Sun. Sep 17, 2023 9:00 AM - 12:15 PM oral-06 (37-North Wing, Yoshida-South Campus Academic Center Bldg.)

Chiar:Kenji Matsuzaki(Univ. of Tokyo), Daisuke Sato(AIST/GSJ), Atsushi Noda(AIST/GSJ), Tetsuya TOKIWA

11:15 AM - 11:30 AM

[G1-O-8] Formation process of pseudotachylyte within the Asuke shear zone in the Ryoke metamorphic belt, Aichi Prefecture

Tomohiro ISHII1, *Katsuyoshi MICHIBAYASHI1 (1. Graduate School of Environmental Studies, Nagoya University)
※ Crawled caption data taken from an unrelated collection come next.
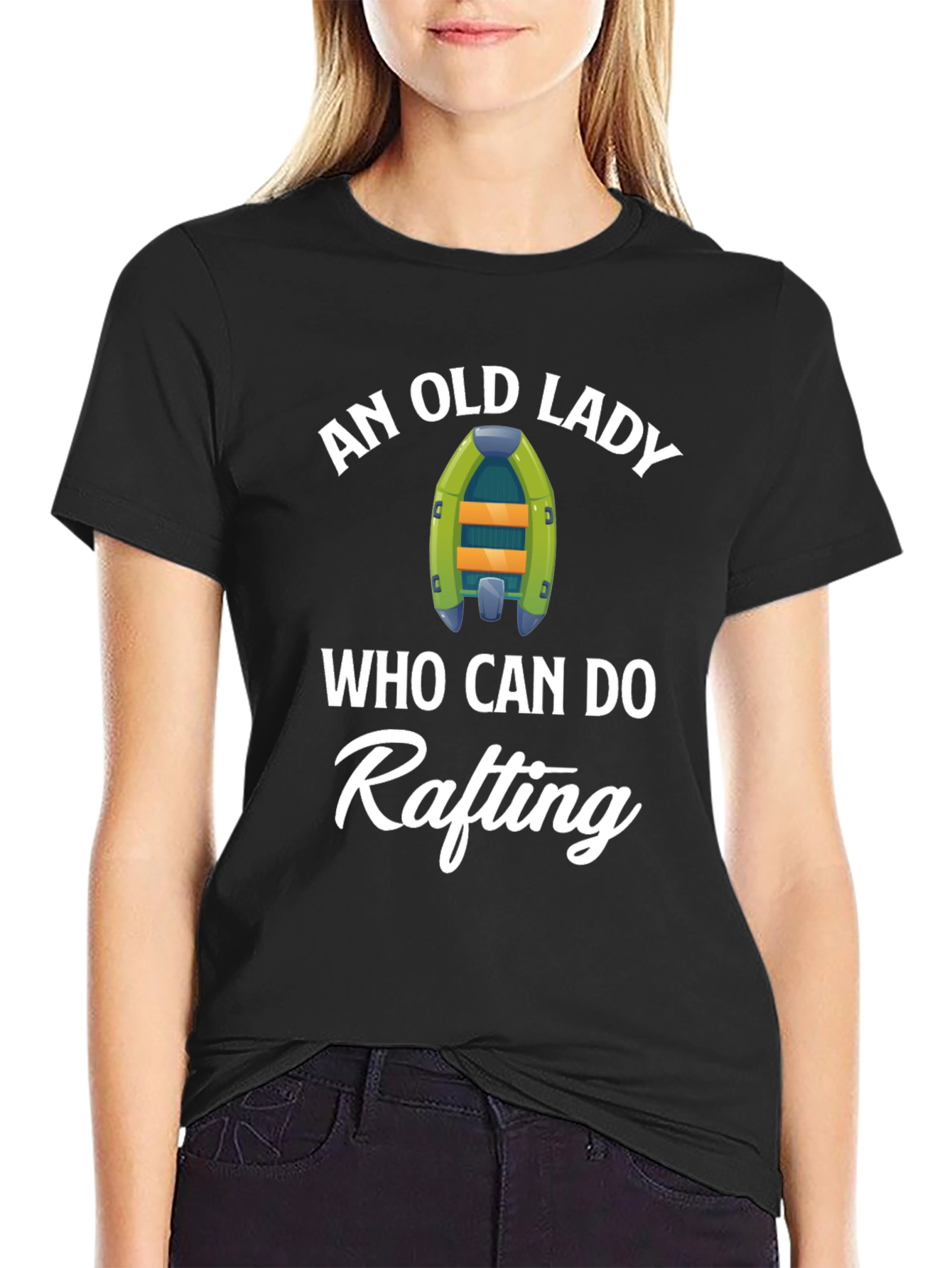 Funny Rafting Old Lady Graphic T-Shirt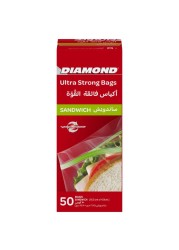 Diamond Sandwich Zipper Bags Clear 50 Bags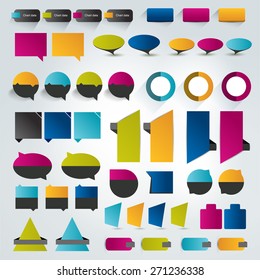 Collections of infographics flat design elements. Vector illustration.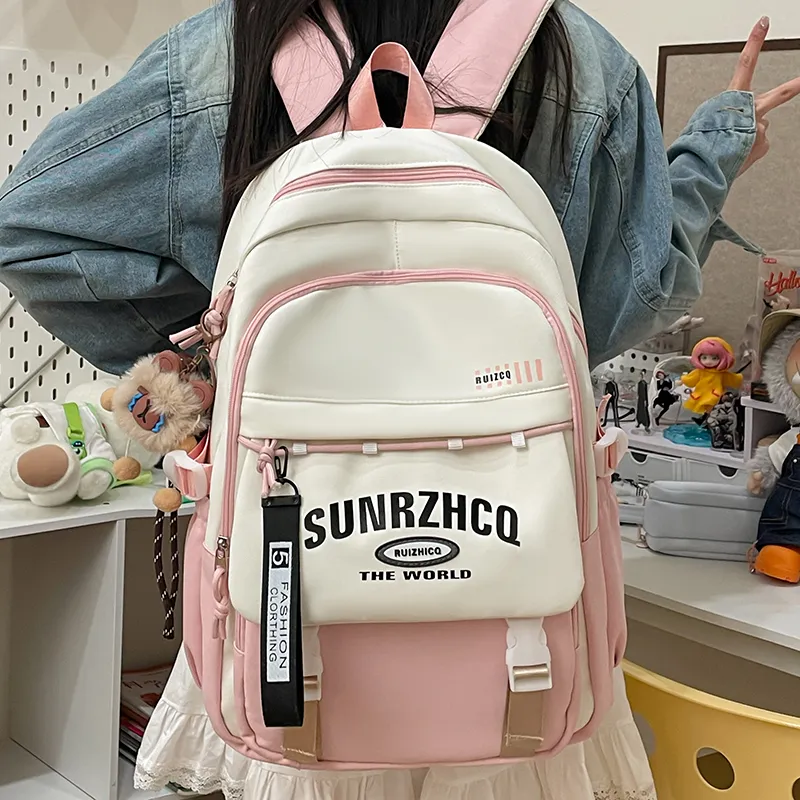 Single Warehouse Oxford Backpack Regular Unisex Black/Red/Khaki/Gray/Purple/Pink-1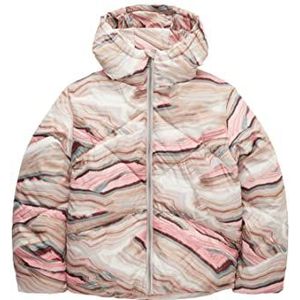 TOM TAILOR Winterjas voor meisjes, met capuchon, 30243 - meerkleurig marmer print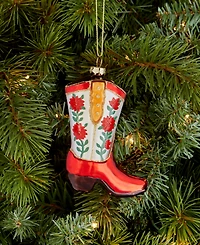 Holiday Lane Eclectic Charm Glass Cowboy Boot Ornament, Macy's Exclusive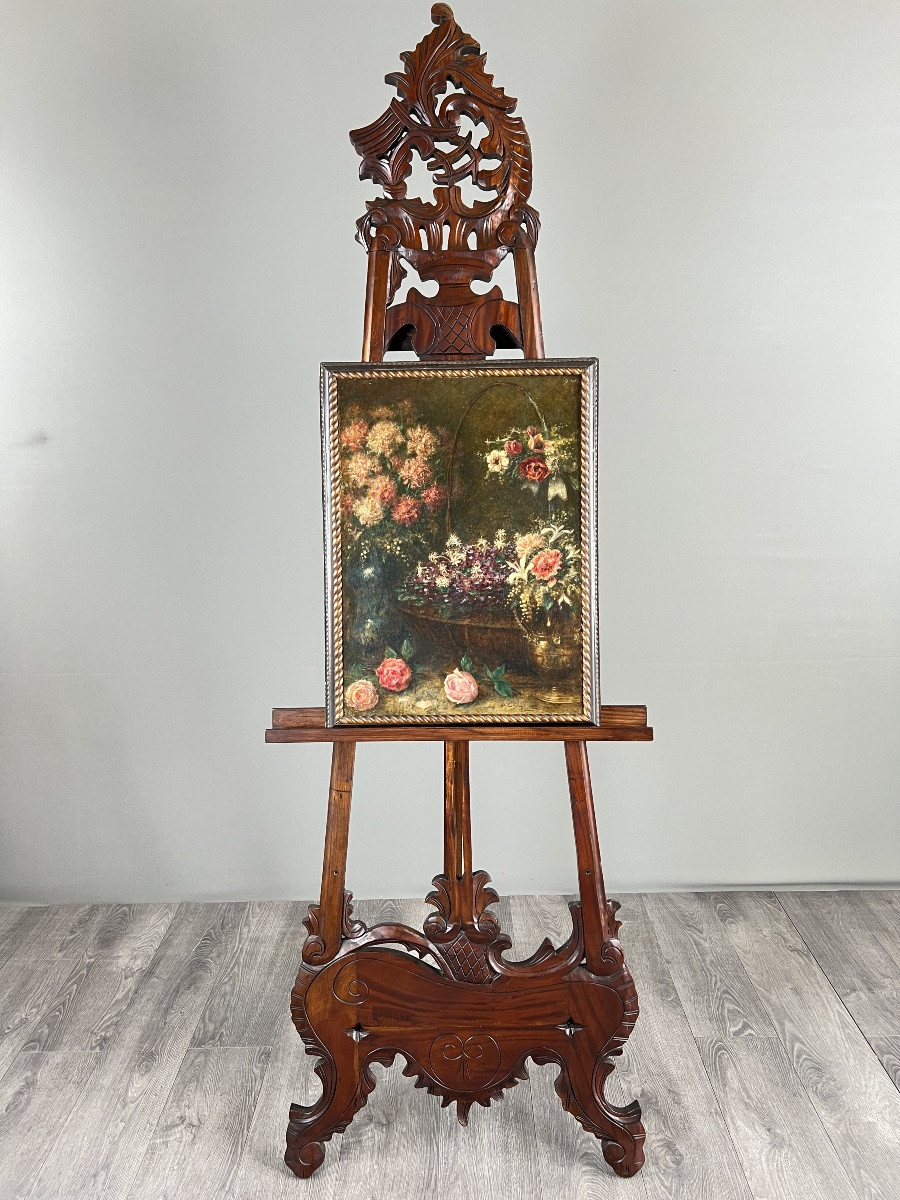 Tableaux, Paire de natures mortes aux fleurs, huiles sur toile, Angelo Zoffoli (1860–1910)-photo-3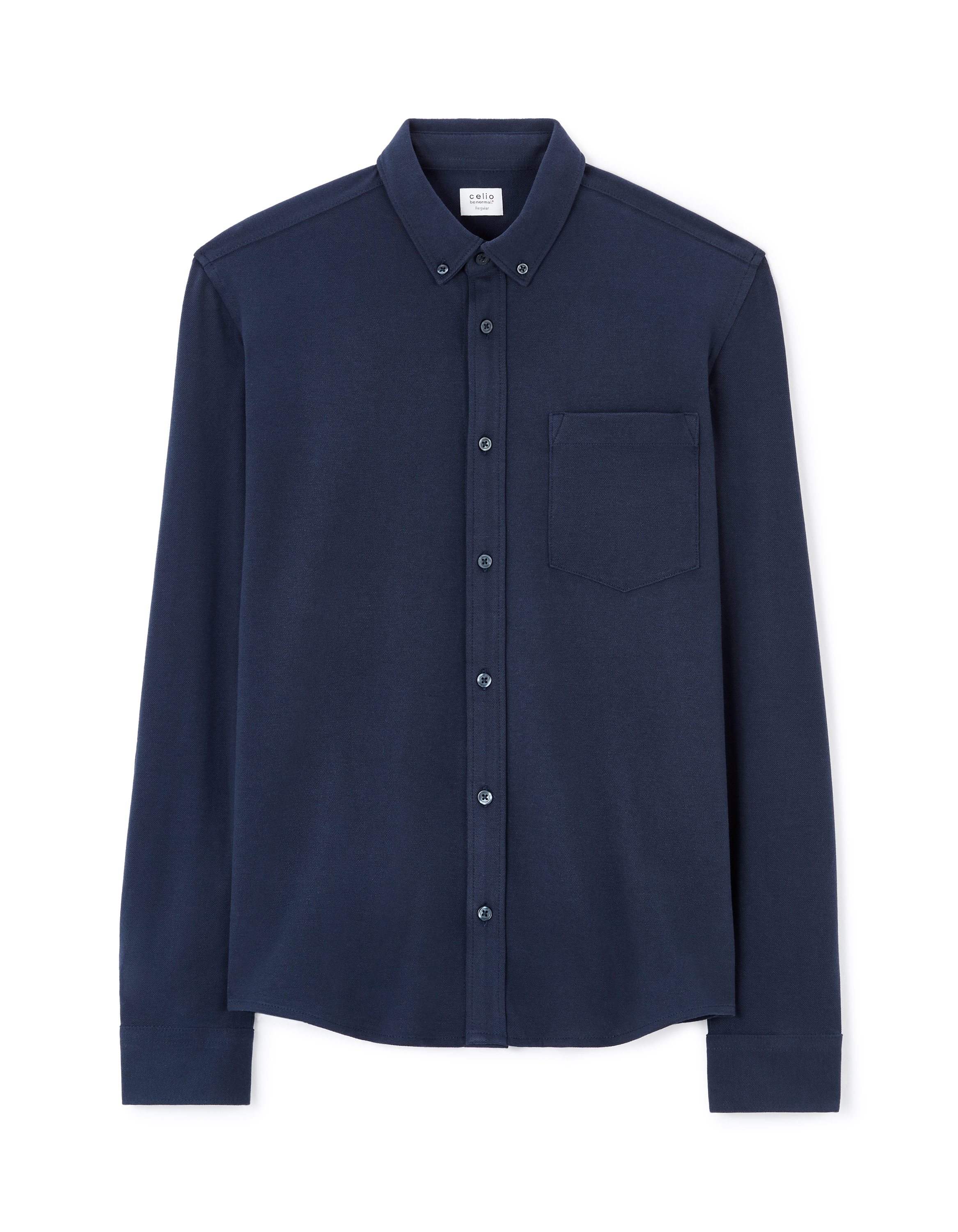 Chemise regular coton piqué stretch - marine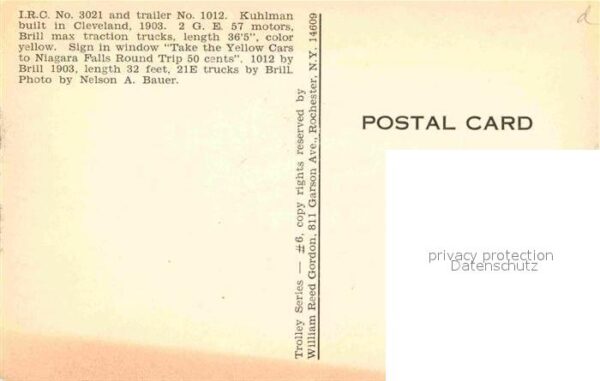 Strassenbahn I.R.C. No. 3021 Trailer No. 1012 Kuhlma – Bild 2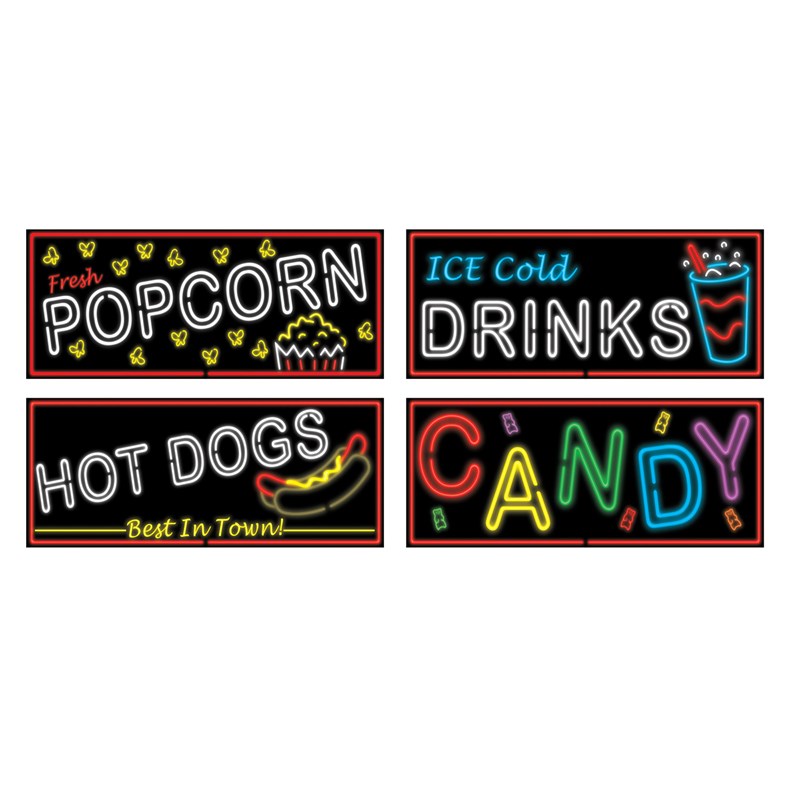 Neon Food Sign Cutouts (4 count) for the 2022 Costume season.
Keywords:Pseudotachylite, Asuke Shear Zone

【はじめに】シュードタキライトは、断層運動時の摩擦熱により岩石が溶融し、急冷したガラス質の岩石である。断層面に沿って形成脈、鉱物の割れ目に沿って注入脈が形成される。溶融時に溶け残った鉱物粒子は岩片となる。シュードタキライトは、一般的に無水条件で形成される[1]。しかし、近年の研究で水の存在下でもシュードタキライトは形成されることが指摘された[2]。シュードタキライトが見られる国内の代表的な露頭に領家変成帯足助剪断帯がある。本研究では足助剪断帯シュードタキライトについて、水の影響を含めてその形成過程を考察した。
【地質概説】愛知県豊田市の足助剪断帯は中央構造線の北西約50 kmに位置し、総延長は約14 kmである[3]。主に花崗閃緑岩で構成され、カタクレーサイトを主体にシュードタキライトとマイロナイトが共存している。本研究では香嵐渓と大島の露頭でシュードタキライトを採取した。
【研究試料・方法】香嵐渓と大島の露頭で花崗閃緑岩4試料を採取し、その中からシュードタキライトが確認できた大島の試料を詳細に分析した。組織的特徴や鉱物の種類、元素の存在量を明らかにするため、偏光顕微鏡およびSEMとFE-SEMによる観察、ラマン分光分析、元素マッピングを行った。
【結果】本研究では注入脈の先を先端部、形成脈に近い根元を基部として扱う。偏光顕微鏡で脆性から延性変形までの多様な組織が観察された。形成脈中には硫化鉄が確認された。SEMとFE-SEM観察では注入脈に気泡が確認され、分布の偏りが見られた。気泡は先端部に少なく、基部に多かった。ラマン分光分析で注入脈と形成脈内の岩片を調べた結果、黒雲母と石英、斜長石が確認された。元素マッピングの結果、注入脈の基質部に組成差が認められた。FeとMgは先端部に富んでおり、基部に乏しかった。観察した全注入脈で同様の分布を示した。一方、SiとCaは先端部に乏しく、基部に富んでいた。Siに富む注入脈はCaに乏しく、Caに富む注入脈はSiに乏しかった。SiやCaが多い基部は気泡も多く、SiやCaが少ない先端部は気泡も少なかった。
【考察】先端部にFeとMgが、基部にSiやCaが多かった。黒雲母が比較的低温で優先的に溶融し、石英と斜長石がより高温で後から溶ける選択的溶融が生じたことを示す。また、注入脈と形成脈内に硫化鉄と気泡が確認された。硫化鉄は水の存在を示し[4]、メルト中に水が0.5 wt.%以上存在すれば気泡が形成される[5]。水は低温だとメルト中に溶け込むが、温度が高くなると脱水することから[6]、高温メルトが存在した基部で気泡が発生したことが考えられる。
【結論】足助剪断帯のシュードタキライトは、含水状態で選択的溶融しながら形成されたことが明らかになった。
【引用文献】[1] Sibson (1975) Geophys. J.R. Astron. Soc., 43: 775-794. [2] Gomila et al. (2021) Geochem. Geophys. Geosyst. 22, e2021GC009743. [3] 高木・酒巻 (2003) 日本地質学会第110年学術大会見学旅行案内書, A-1, 1-10. [4] Tracy and Robinson (1988) American Jour. Sci., 288, 45-74. [5] Dixon and Dixon (1989) Lithos, 23, 225-229. [6] Yamashita (1999) Jour. Petrol., 40(10), 1497-1507.